With only four weeks left before October 19 legislative elections, a woman’s right to wear the veil, which covers all of her face except the eyes, has become a hot-button issue.
A Conservative government policy, introduced in 2011, prohibited wearing such a veil during citizenship ceremonies. But last week, a court struck down the ban.
Harper has appealed the decision to the Supreme Court, and said that, if re-elected, his Tories would make it the law.
“When we join the Canadian family we should not hide our identity and that’s the reason we believe that new citizens should recite the oath with their face uncovered,” he said.
A poll taken in March as debate over the matter reached a fever pitch showed 82 percent of Canadians supported the ban. In the predominantly French-speaking province of Quebec, that number climbed to 93 percent.
Thomas Mulcair, leader of the New Democratic Party, which lead in recent public opinion polls in Quebec, has come out in favor of a woman’s right to wear whatever she wants.
In the context of a citizenship ceremony, however, he said he would still require a woman to remove her veil to prove her identity.
The Liberals, led by Justin Trudeau, have also pitched the importance of upholding individual rights in Canada’s multicultural society.
“If a man can’t tell a woman how to dress, we should not have the state telling a woman what she shouldn’t wear,” Trudeau said.
During the debate, Harper maintained that the niqab is anti-woman.
Turning to Mulcair, he said: “I will never say to my daughter that a woman has to cover her face because she’s a woman.”
Although less than a few thousand women across Canada wear the veil, the niqab evokes powerful emotions, mixing individual rights, religion, women’s issues and culture.
The separatist Bloc Quebecois has said it would go as far as suspending certain constitutional rights in order to stop any woman from wearing the veil in Canada.
Its leader Gilles Duceppe said the garment represents the “repression of women.”
Both Mulcair and Green Party leader Elizabeth May, however, downplayed the issue, calling it a red herring.
Mulcair accused Harper of “trying to hide his government’s economic record behind the niqab.”
“What is the impact of the niqab on the economy? What is the impact of the niqab on climate change?
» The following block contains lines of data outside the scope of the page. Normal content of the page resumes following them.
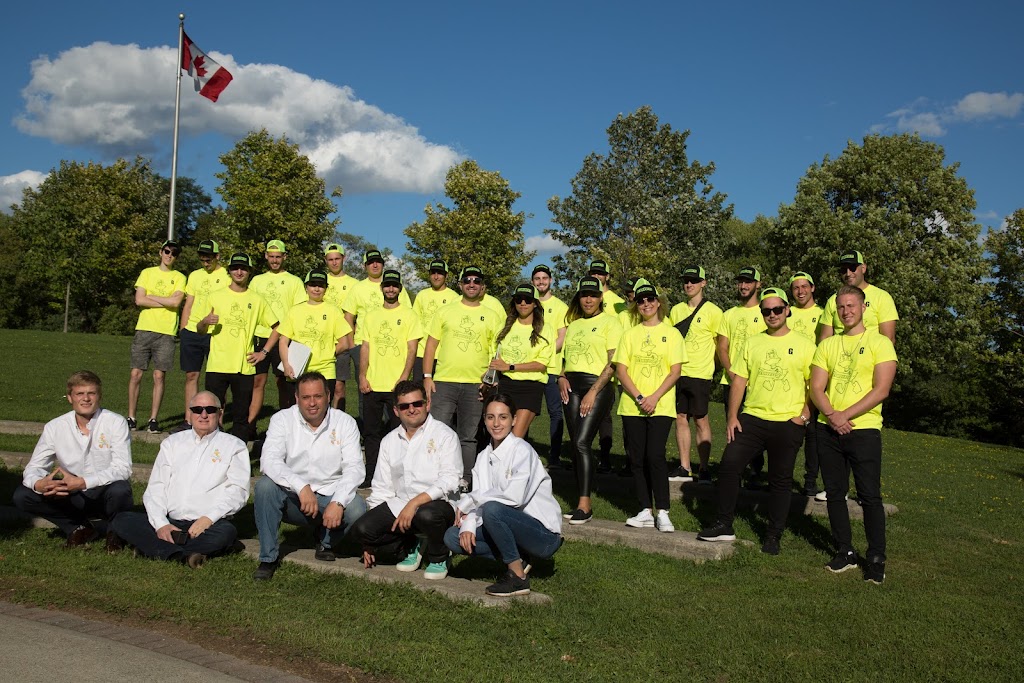 Get Movers Orleans ON | Moving Company | 446 Sultan St, Orléans, ON K4A 0K2, Canada | Phone: (613) 907-1617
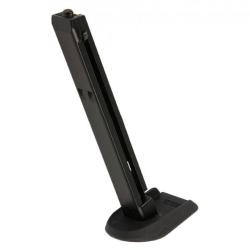 Chargeur CO2 15 bb pour P99 DAO (25684)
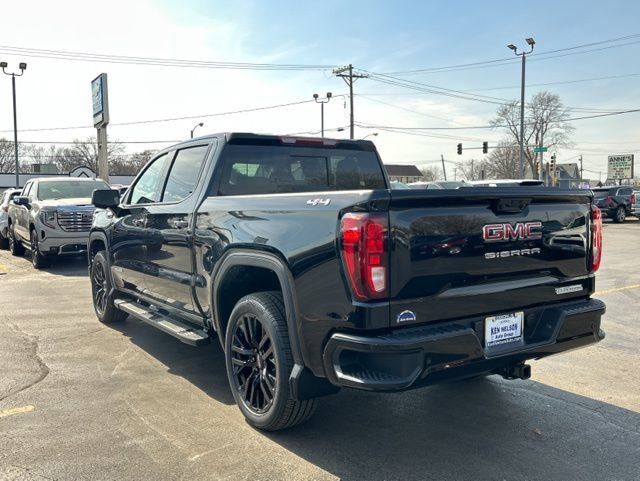 New 2026 GMC Sierra 1500 Elevation w/ Elevation Premium Package image 53
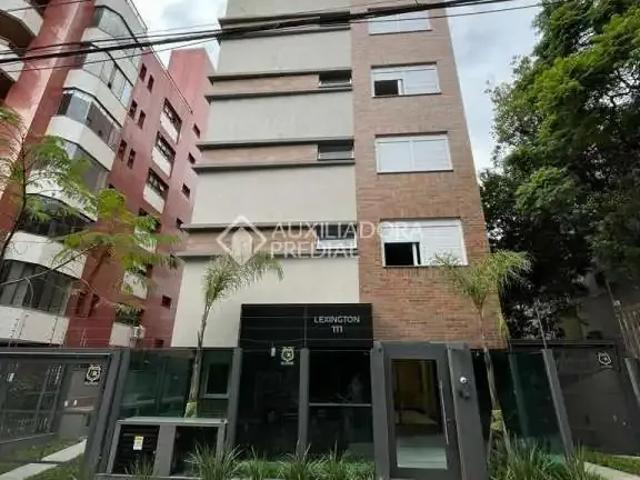 Apartamento para Venda em Porto Alegre/RS Bela Vista 2 Quartos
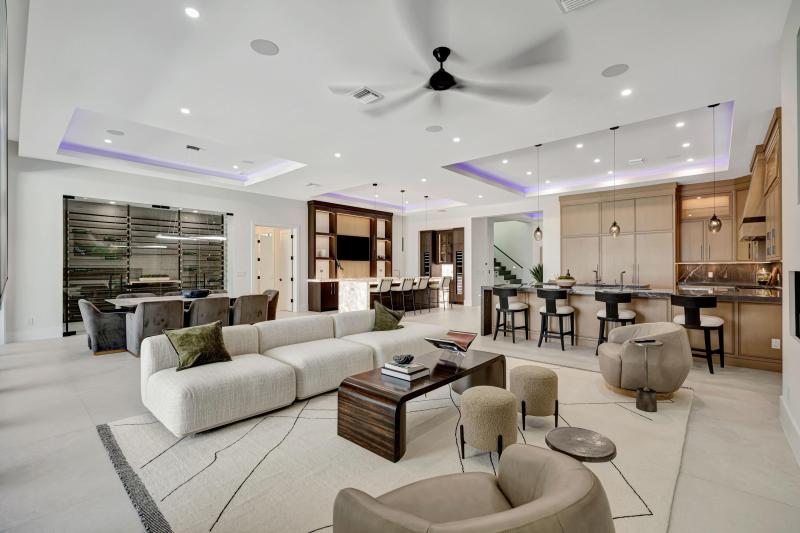  Single Family Homes Photo 33:  Lantana,  FL 33462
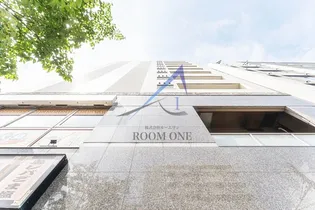 Rising place 桜木町二番館【6階】の外観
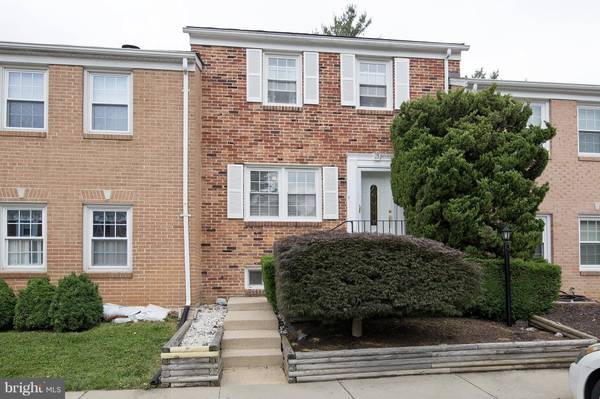 15 SILVER KETTLE CT, Gaithersburg, MD 20878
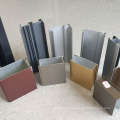 indon aluminium factory  aluminum profile for sliding window and sliding door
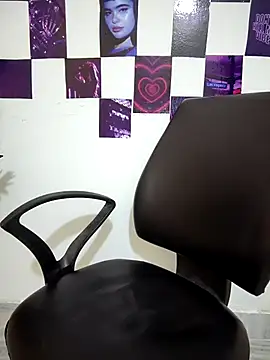 Alisha Babyy online show from 05/10/26, 04:27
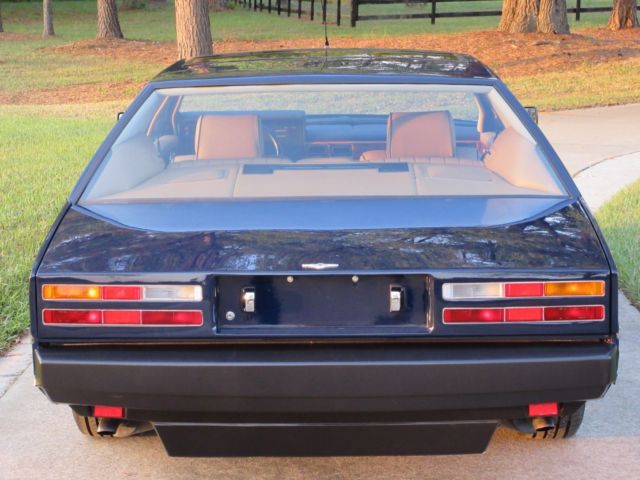 1984 Aston Martin Other - photo 6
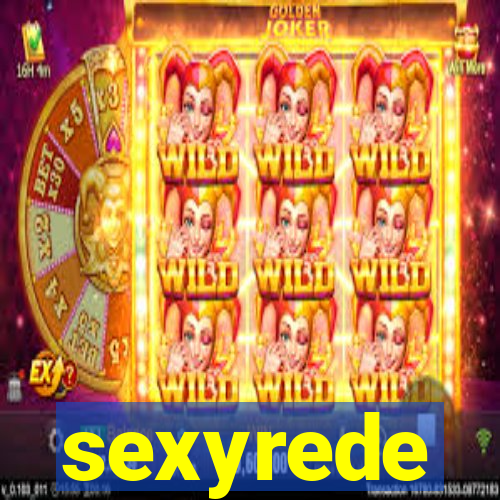 sexyrede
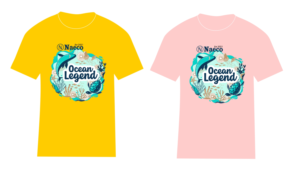 Diseño de Camiseta por y creations para este proyecto | Diseño: #26670112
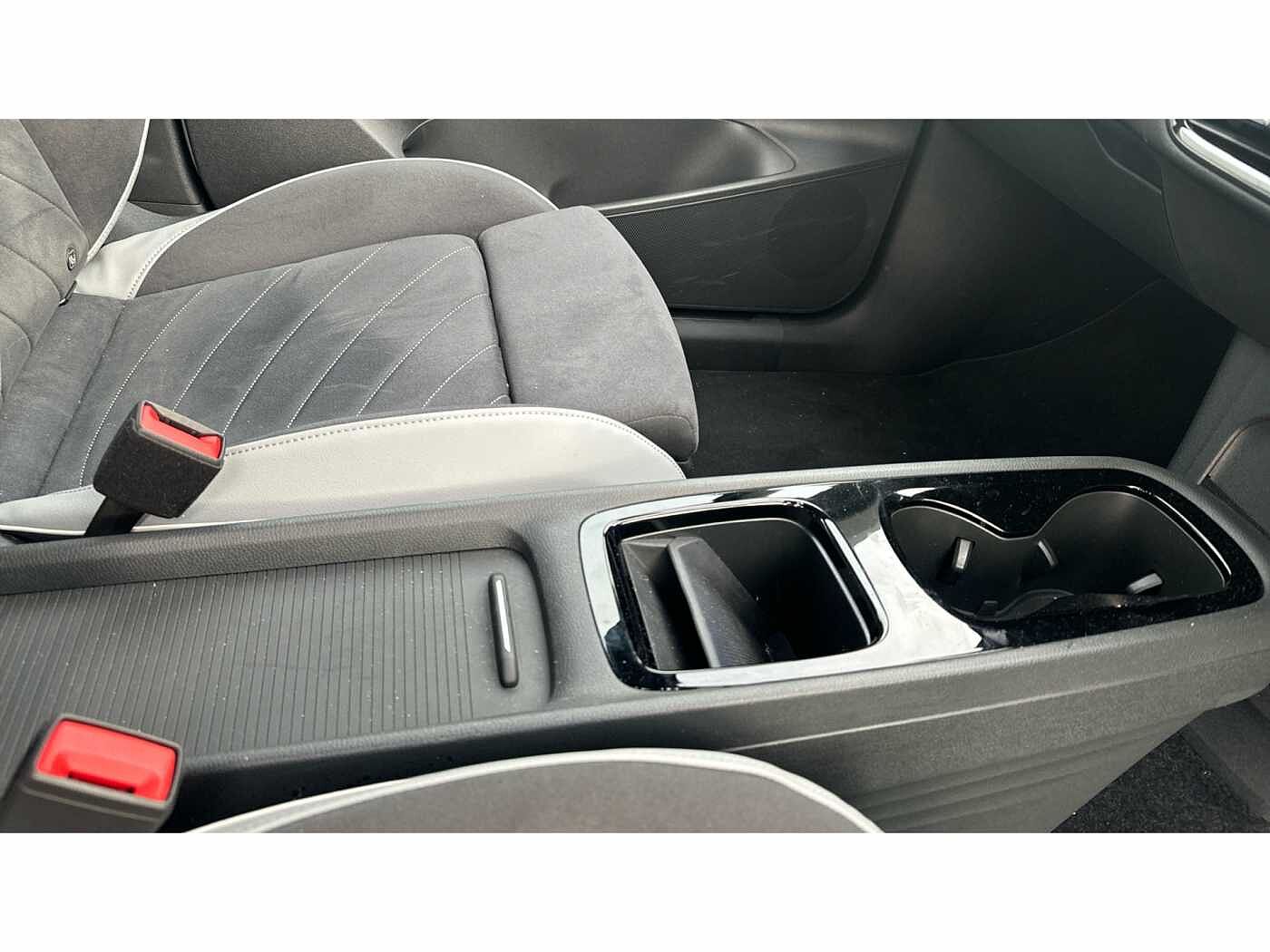 Volkswagen ID.3 Pro 58kWh 204PS Automatic 5 Door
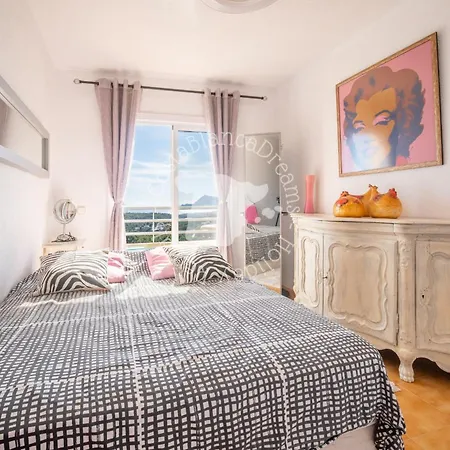 Apartamento Didi - Costablancadreams Altea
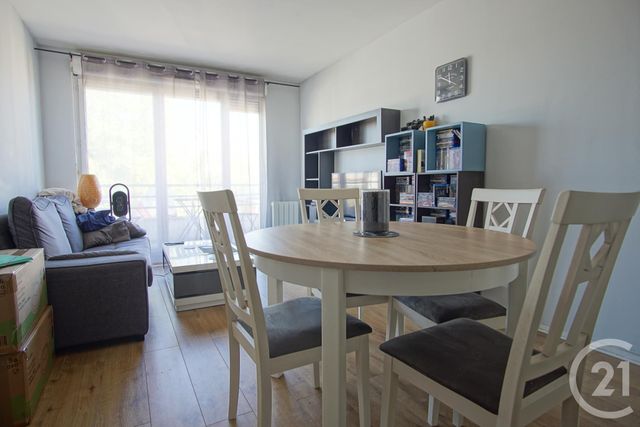 Appartement F2 à vendre - 2 pièces - 39,16 m2 - Choisy Le Roi - 94 - ILE-DE-FRANCE
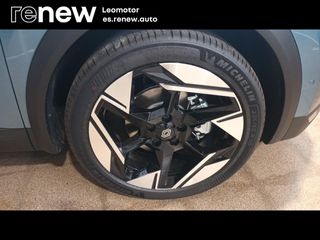 Renault Symbioz Iconic E-Tech full hybr 117kW (160CV)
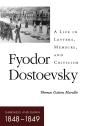 Fyodor Dostoevsky-Darkness And Dawn (1848-1849) - Preview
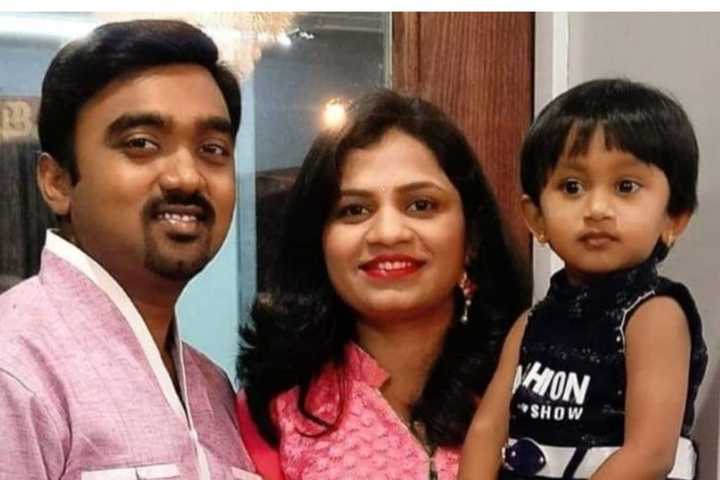 Friends, Loved Ones Care For Bergen Orphan, 3, Whose Parents Were Stabbed Dead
What is the impact of the niqab for the unemployed?” said May.
“It’s a false debate meant to distract Canadians and avoid debate on real challenges for Canada,” she said.
The court battle at the center of the controversy was brought by Toronto-area resident Zunera Ishaq, who argued successfully that the ban violated her religious freedoms under Canada’s rights charter.
Originally from Pakistan, Ishaq arrived in Canada in 2008 and passed her citizenship test in 2013. But she refused to participate in the oath-reciting ceremony because she did not want to do it with her face uncovered.
Ekos polling released Thursday showed the Tories’ anti-niqab position had helped swing the party back into the lead in the election with 35.4 percent support nationwide, while the New Democrats fell from first to third place, behind the Liberals.
In Quebec, where 78 out of 338 seats in Parliament are up for grabs, the New Democrats lost eight points in recent weeks, dropping to 38 percent, a Leger poll found.
During the debate the party leaders also sparred over assisted dying, climate change, oil and gas pipelines, security, Syrian refugees, unemployment and Quebec independence.
The New Democrats swept Quebec in the 2011 ballot, which helped propel the party for the first time into the role of official opposition and a stone’s throw from power.
The Conservatives are not expected gain seats in Quebec this round despite a bump in support.
But any votes the Liberals or Bloc grab from the New Democrats in Quebec help the overall Tory campaign, and Harper appeared content during much of the mash-up to let his rivals attack each other.